**Recorded information:**
╭──
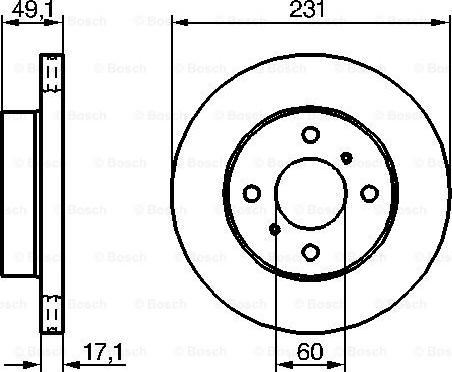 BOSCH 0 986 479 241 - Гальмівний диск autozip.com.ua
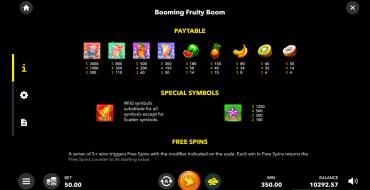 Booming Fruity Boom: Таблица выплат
╰──
╭──
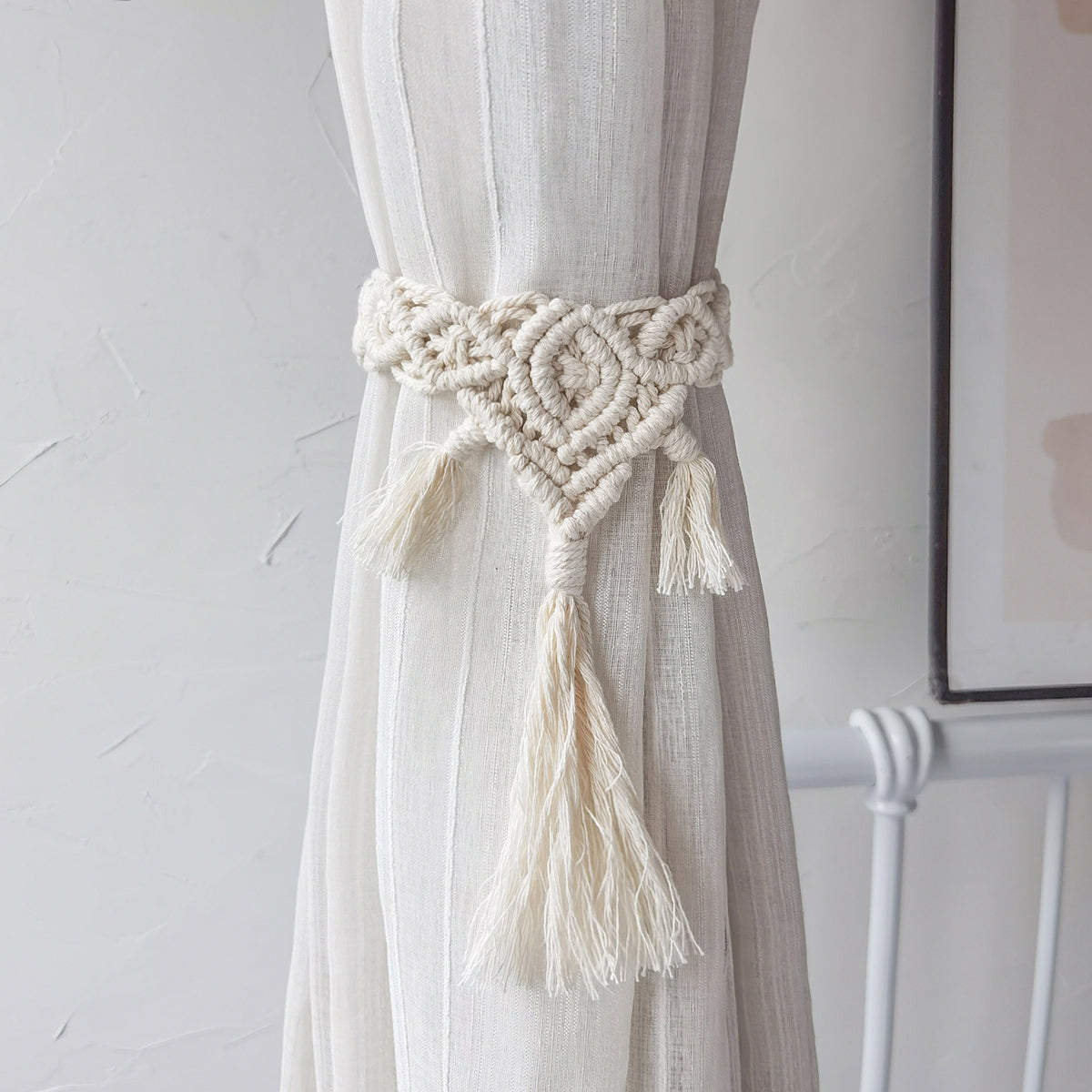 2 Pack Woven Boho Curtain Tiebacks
╰──
╭──
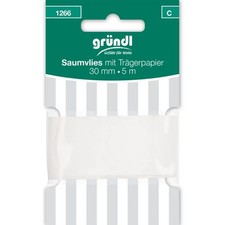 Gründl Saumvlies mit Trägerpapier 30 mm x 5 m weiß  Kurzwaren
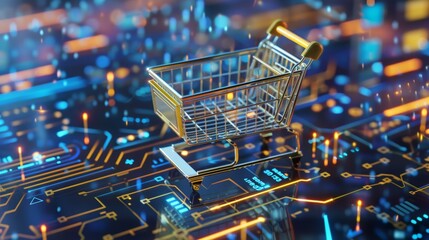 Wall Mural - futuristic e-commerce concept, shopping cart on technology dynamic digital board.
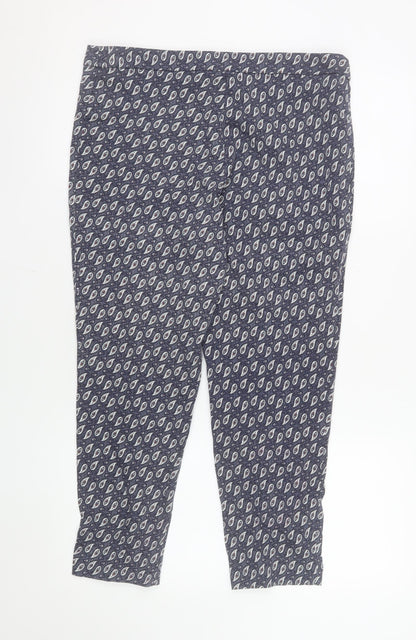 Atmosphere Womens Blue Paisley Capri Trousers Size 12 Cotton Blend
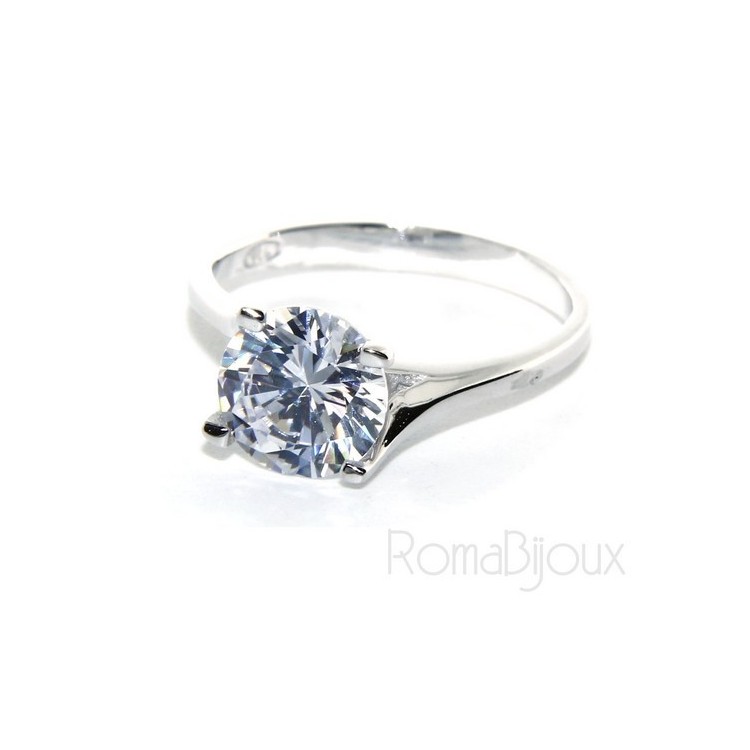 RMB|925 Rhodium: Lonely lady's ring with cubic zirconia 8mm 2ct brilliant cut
╰──
**Problem to work on:** In the listing above, find the line containing "BOSCH 0 986" and the line containing "Booming Fruity Boom: Таблица выплат"; print those lines and every line between them exactly, leaving out pictures.

**Result of the task:**
 BOSCH 0 986 479 241 - Гальмівний диск autozip.com.ua
 Booming Fruity Boom: Таблица выплат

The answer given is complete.